■ **GIVEN INFORMATION**
========

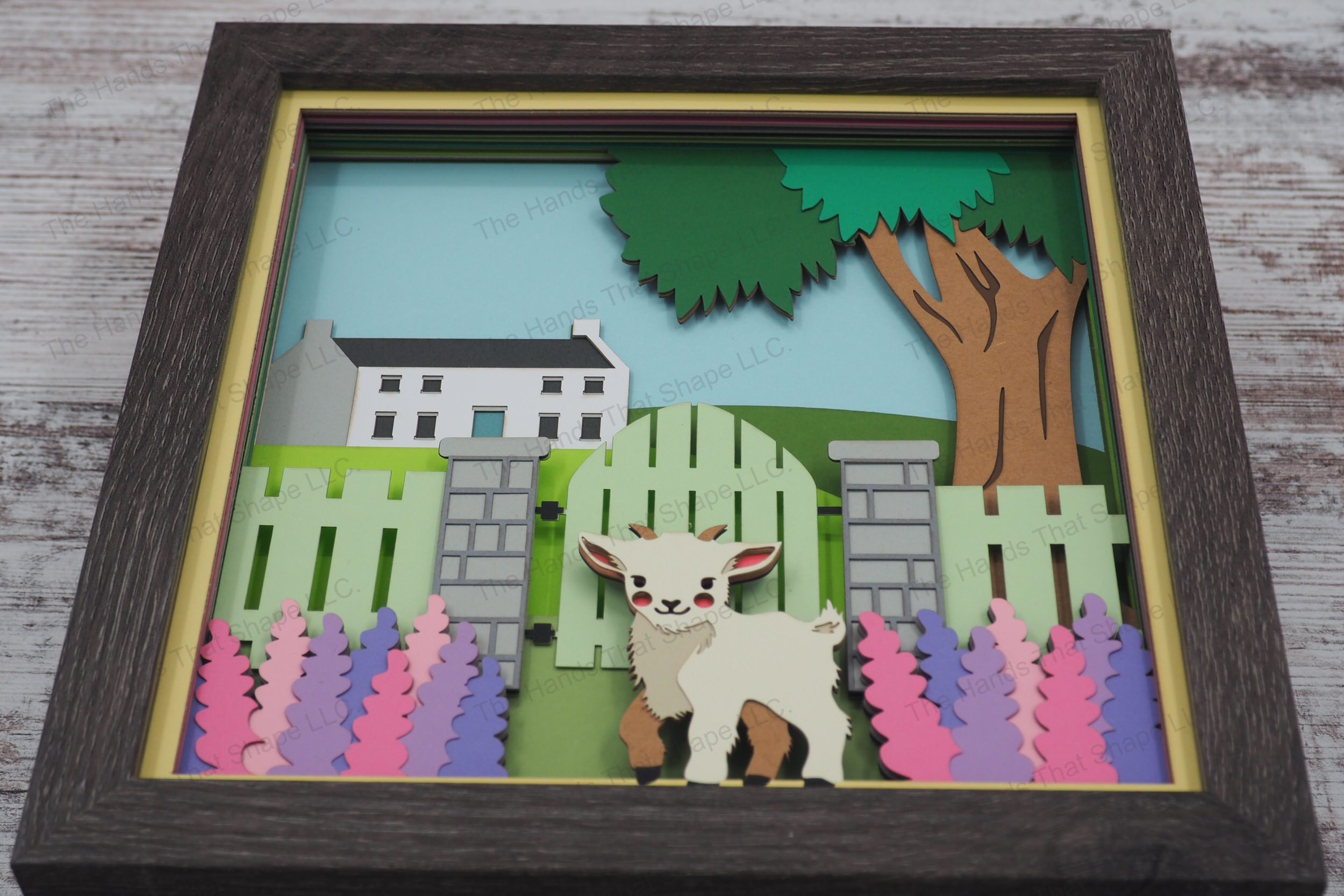 This layered paper art shadowbox features a goat standing in a flower garden, beside a rustic fence framed by blooming hyacinths and a countryside house.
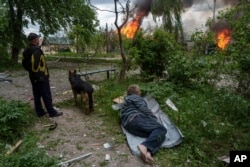 A man lies on the ground as he watches his burning house, which was destroyed by a Russian air strike, in Vovchansk, Ukraine, on May 11.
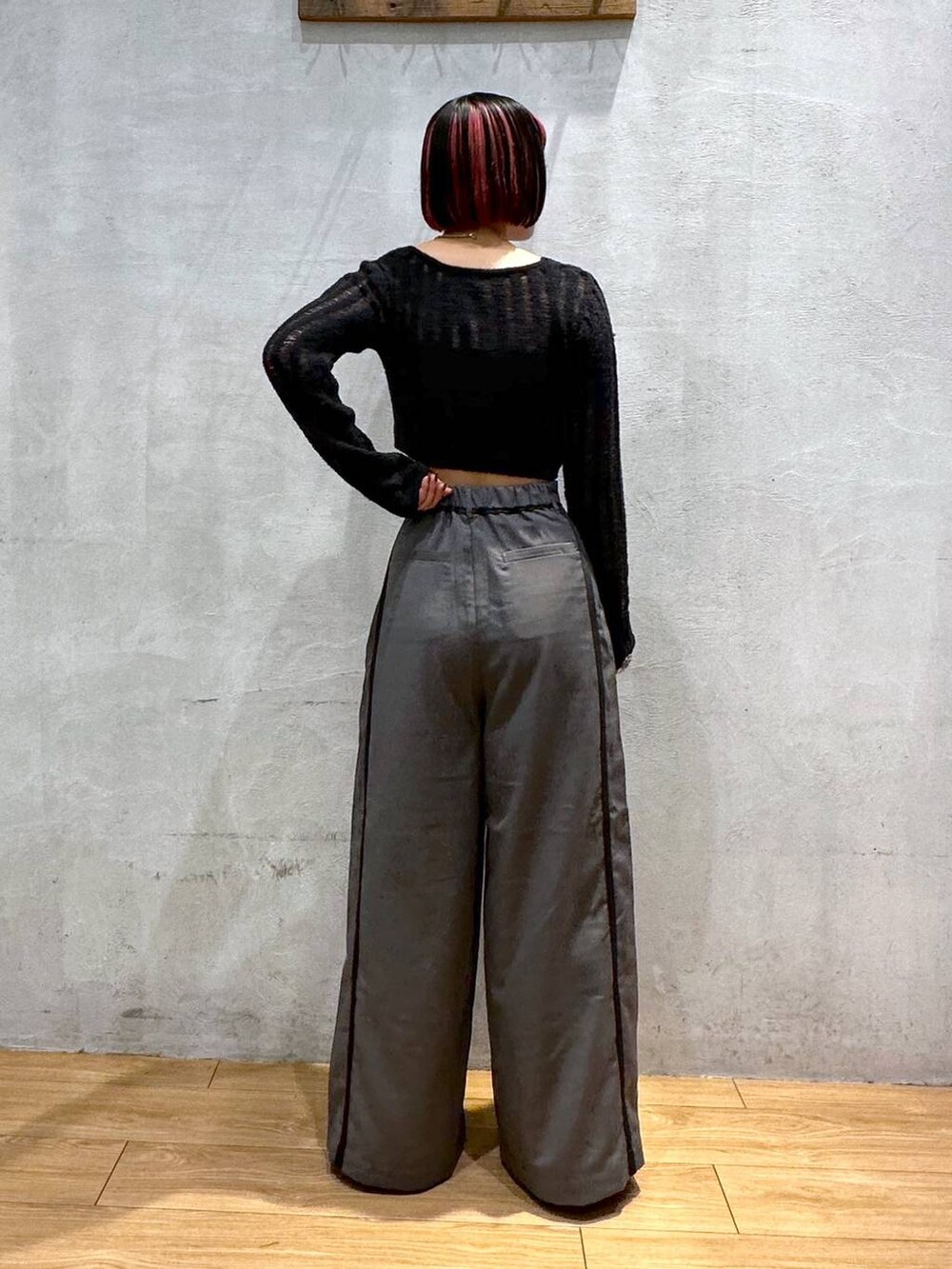 グレー系のスラックス、ブラック系のカーディガン/ボレロ、シルバー系のネックレスを着用したレディースの秋コーディネートの4枚目の写真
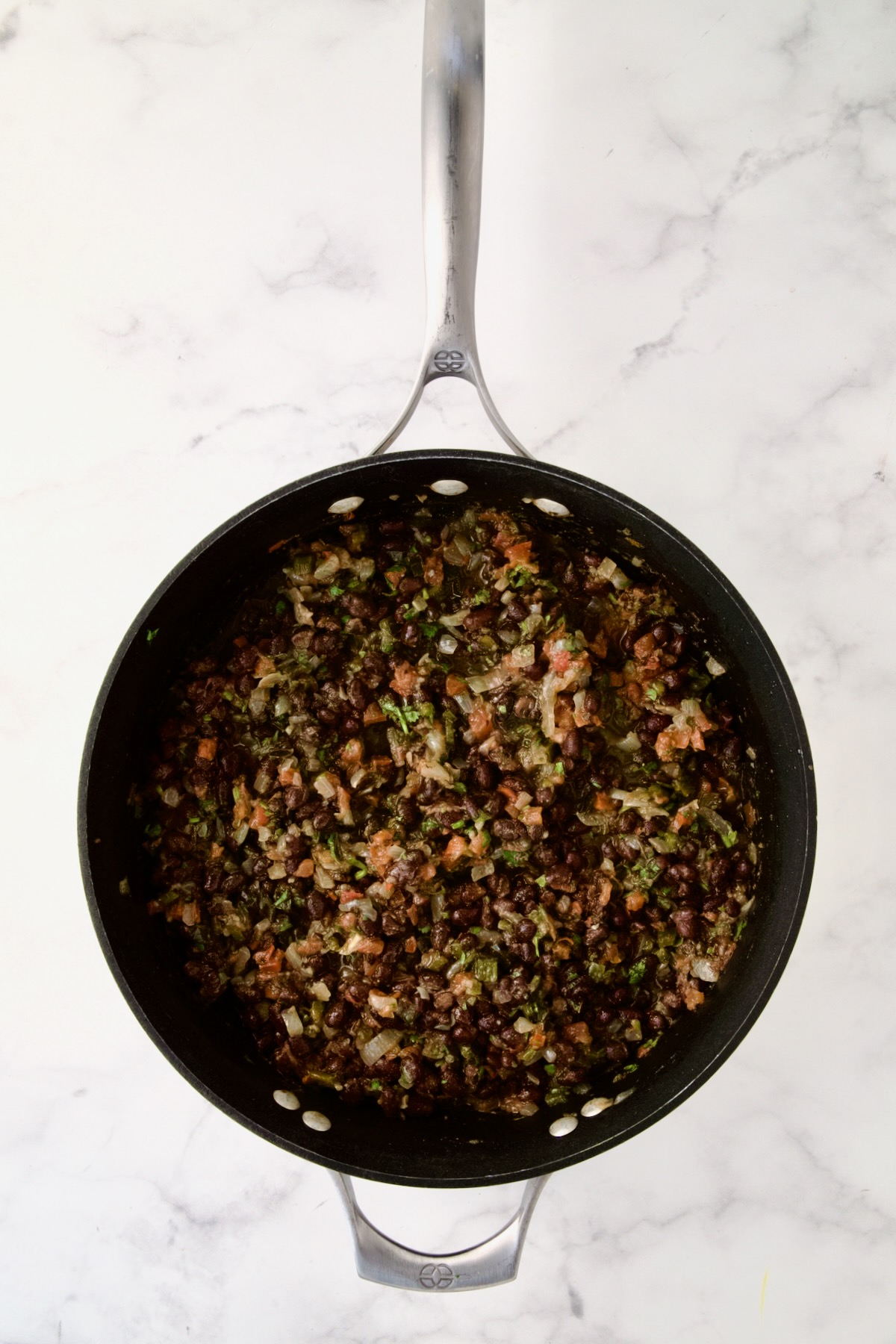 Finished black bean side dish in nonstick skillet.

========

■ **WORK INSTRUCTION**
Set down nothing but the lines from the one containing "A man lies on" to the final line above, both included, with every picture left out.

■ **ANSWER TO THIS EXERCISE**
 A man lies on the ground as he watches his burning house, which was destroyed by a Russian air strike, in Vovchansk, Ukraine, on May 11.
 グレー系のスラックス、ブラック系のカーディガン/ボレロ、シルバー系のネックレスを着用したレディースの秋コーディネートの4枚目の写真
 Finished black bean side dish in nonstick skillet.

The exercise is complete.